Messico, Crecemos Dijo: 20 anni di cammino insieme

"E' stato lo sguardo di carità che ha caratterizzato e reso possibile il successo del lavoro di  Crecemos Dijo in questi ultimi 20 anni", queste le parole della direttrice María del Socorro del Río che ha così inaugurato la grande festa che si è tenuta a Oaxaca in Messico per l'anniversario dell'organizzazione.

L’evento è iniziato con la celebrazione di una messa di ringraziamento a cui ha fatto seguito una “calenda”, tipica sfilata di Oaxaca, ed è terminato con la presentazione di una mostra fotografica dal titolo “20 anni di cammino insieme” il cui scopo era quello di condividere, attraverso immagini e volti concreti, la storia di un fatto presente, di un’opera viva, fatta di persone rigenerate dal desiderio di bene.
Di questo ha dato una breve ma commovente testimonianza Esperanza, una mamma di Monte Albán, uno dei quartieri poveri in cui Crecemos Dijo svolge la propria attività, che ha comunicato ai presenti la gioia per i cambiamenti avvenuti nella sua famiglia da quando partecipa alla vita del Centro Di Sviluppo Comunitario María de Guadalupe.
Ezio Castelli, rappresentante di AVSI USA, nel suo intervento ha sottolineato la grande affinità tra l’origine e lo sviluppo di Crecemos Dijo e l’origine e lo sviluppo di AVSI: «le attività di entrambe le ONG si fondano sullo stesso metodo il cui asse portante consiste nel mettere al centro di ogni azione la persona che, riconosciuta nella sua innata dignità, che nessuno le può togliere, e nel suo valore infinito, è il soggetto libero e responsabile del proprio sviluppo». Castelli ha inoltre affermato che «la finalità di ciascun programma  è quella di accompagnare un movimento della persona che ci fa crescere. Stupisce notare come questo movimento della persona, nella misura in cui è autentico, si esprima come il muoversi di un popolo e non di individui isolati».

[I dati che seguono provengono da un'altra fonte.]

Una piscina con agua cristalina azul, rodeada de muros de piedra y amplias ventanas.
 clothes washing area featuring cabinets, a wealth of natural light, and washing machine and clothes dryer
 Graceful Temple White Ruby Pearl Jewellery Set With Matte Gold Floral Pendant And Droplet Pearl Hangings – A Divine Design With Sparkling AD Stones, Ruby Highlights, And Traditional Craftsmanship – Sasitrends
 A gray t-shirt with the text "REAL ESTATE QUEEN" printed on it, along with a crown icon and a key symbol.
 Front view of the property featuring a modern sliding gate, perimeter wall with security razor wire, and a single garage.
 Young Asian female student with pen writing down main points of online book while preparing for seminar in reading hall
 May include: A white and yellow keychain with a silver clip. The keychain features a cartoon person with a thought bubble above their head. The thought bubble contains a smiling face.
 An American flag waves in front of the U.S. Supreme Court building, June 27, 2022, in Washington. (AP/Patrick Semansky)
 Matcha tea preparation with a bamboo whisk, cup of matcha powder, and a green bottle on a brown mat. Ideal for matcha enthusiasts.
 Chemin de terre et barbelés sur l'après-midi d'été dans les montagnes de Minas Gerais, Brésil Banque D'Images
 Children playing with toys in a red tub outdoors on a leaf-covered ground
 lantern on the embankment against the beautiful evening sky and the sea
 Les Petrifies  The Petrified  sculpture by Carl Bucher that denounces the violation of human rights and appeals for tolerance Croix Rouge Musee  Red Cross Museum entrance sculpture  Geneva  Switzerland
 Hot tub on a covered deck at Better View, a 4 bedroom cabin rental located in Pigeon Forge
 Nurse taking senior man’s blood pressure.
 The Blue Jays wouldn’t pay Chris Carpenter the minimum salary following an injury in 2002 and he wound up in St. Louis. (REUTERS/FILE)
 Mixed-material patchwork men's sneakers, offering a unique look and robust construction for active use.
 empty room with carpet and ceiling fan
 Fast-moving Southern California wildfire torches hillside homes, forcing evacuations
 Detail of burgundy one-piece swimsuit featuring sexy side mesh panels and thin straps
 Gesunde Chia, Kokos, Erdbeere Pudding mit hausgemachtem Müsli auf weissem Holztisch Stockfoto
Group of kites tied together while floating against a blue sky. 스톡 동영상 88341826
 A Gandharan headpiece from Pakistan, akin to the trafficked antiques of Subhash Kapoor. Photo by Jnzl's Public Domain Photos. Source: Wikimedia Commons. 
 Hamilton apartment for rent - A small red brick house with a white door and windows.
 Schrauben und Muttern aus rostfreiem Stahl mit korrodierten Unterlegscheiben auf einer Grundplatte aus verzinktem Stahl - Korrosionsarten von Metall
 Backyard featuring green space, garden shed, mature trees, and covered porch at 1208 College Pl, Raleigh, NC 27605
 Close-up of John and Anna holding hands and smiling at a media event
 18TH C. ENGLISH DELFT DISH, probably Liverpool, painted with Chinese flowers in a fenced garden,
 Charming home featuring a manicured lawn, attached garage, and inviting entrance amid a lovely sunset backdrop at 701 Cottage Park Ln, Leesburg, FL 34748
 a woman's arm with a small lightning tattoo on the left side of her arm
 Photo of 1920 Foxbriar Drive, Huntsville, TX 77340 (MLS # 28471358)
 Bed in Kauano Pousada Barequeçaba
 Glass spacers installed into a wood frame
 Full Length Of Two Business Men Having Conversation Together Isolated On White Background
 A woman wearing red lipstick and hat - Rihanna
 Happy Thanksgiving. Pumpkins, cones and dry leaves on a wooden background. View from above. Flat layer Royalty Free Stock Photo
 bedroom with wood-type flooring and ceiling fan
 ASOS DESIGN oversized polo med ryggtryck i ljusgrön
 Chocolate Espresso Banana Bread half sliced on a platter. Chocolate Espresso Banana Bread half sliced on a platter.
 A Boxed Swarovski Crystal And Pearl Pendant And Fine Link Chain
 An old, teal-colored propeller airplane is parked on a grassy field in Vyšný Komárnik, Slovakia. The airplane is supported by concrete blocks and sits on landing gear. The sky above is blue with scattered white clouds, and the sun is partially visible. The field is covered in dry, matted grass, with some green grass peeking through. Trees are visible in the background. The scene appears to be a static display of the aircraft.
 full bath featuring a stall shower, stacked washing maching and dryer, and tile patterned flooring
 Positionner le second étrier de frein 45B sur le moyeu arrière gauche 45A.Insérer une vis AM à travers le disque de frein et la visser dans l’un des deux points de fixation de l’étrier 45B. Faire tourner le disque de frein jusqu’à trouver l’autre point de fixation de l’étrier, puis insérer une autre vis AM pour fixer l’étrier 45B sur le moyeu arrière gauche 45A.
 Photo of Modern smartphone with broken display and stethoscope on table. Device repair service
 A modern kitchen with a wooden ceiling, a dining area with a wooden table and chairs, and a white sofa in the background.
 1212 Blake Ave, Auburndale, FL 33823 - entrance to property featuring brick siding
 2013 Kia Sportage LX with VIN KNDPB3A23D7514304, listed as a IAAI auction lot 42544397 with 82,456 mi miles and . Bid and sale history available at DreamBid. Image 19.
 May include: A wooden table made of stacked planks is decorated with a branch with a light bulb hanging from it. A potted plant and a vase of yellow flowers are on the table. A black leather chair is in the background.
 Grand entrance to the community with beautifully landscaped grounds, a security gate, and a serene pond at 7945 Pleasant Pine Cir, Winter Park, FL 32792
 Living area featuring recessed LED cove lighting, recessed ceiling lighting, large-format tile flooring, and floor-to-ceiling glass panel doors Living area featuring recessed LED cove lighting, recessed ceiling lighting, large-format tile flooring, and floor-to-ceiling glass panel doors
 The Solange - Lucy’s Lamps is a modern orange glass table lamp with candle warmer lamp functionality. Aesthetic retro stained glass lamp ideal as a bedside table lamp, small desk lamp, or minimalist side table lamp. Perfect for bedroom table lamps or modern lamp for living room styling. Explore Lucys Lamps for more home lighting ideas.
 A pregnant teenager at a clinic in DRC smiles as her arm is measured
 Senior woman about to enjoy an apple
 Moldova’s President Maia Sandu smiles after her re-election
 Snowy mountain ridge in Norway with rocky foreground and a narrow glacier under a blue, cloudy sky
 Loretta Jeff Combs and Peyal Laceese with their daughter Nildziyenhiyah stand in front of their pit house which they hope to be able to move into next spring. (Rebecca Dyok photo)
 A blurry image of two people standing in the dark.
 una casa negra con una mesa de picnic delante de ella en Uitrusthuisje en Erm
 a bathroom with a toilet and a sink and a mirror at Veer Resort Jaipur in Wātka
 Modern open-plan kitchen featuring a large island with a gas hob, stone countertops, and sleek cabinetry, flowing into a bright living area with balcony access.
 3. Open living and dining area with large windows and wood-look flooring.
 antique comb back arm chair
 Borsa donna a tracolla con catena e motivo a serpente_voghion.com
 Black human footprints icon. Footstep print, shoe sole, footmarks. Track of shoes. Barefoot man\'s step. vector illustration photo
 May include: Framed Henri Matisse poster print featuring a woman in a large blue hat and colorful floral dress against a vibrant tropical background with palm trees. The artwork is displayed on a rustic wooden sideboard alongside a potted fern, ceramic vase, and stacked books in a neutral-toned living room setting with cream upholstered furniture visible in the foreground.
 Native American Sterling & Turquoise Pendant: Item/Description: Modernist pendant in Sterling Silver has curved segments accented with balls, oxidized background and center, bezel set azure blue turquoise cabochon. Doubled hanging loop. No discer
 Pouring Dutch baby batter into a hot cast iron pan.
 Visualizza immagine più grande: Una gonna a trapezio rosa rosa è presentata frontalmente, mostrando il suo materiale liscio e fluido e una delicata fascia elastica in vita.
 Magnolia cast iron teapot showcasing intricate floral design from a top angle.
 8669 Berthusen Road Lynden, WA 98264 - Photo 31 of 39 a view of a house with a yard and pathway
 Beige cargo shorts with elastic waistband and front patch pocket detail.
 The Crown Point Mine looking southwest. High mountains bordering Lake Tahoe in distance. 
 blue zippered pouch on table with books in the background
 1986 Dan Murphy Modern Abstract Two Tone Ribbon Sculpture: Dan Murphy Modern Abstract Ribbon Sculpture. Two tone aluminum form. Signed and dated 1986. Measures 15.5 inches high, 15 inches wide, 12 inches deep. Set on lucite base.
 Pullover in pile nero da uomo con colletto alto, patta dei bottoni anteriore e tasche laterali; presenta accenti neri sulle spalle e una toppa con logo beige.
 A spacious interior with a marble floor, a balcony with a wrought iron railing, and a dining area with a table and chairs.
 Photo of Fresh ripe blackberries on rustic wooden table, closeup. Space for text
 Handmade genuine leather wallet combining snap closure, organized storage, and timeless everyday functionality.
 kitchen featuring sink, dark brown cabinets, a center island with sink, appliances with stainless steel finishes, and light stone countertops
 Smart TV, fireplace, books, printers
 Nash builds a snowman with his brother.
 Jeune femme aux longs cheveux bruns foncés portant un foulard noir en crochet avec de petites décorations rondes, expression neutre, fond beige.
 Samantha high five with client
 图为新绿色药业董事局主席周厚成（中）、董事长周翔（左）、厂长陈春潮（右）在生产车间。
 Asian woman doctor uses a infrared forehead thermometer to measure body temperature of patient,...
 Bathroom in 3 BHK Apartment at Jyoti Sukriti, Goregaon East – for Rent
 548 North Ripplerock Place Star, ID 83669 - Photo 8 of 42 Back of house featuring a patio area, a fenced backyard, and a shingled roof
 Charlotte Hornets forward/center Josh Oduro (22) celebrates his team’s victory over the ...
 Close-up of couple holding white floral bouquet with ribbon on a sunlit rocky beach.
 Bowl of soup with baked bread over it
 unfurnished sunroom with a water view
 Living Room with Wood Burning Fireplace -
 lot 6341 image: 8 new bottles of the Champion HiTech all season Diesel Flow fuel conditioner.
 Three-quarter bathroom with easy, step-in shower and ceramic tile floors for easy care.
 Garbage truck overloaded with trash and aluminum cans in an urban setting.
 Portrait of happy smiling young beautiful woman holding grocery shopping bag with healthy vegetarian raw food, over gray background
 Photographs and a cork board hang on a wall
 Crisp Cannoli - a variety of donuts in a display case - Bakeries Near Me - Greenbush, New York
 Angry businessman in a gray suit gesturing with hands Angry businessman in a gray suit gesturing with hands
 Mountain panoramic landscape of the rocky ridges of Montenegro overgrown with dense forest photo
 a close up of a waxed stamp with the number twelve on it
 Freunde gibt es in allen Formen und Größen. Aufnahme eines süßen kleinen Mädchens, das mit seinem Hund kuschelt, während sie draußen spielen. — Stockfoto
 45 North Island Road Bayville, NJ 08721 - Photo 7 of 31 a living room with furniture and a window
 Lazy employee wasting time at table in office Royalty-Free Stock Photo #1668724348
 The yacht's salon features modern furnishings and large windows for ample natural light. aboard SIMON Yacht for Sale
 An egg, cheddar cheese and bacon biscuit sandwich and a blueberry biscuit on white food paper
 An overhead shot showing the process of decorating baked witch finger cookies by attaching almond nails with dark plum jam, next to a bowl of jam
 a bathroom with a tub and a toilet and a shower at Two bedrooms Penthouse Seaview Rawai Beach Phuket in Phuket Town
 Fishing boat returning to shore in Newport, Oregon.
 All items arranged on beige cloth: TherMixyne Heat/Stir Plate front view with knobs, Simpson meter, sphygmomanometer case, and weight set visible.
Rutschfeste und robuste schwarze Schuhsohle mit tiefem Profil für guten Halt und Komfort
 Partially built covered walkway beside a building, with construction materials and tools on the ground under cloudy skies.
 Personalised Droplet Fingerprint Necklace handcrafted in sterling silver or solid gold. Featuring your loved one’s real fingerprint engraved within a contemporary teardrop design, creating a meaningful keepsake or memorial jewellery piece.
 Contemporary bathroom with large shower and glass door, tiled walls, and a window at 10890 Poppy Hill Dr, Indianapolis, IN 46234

In occasione di questo anniversario si è festeggiato proprio il fatto che una mensa e un Centro di Sviluppo Comunitario possano continuare a funzionare bene nel tempo e diventare un “luogo di educazione” in cui le famiglie scoprono la loro immensa importanza e sono sostenete nel diventare protagoniste dell’educazione dei figli.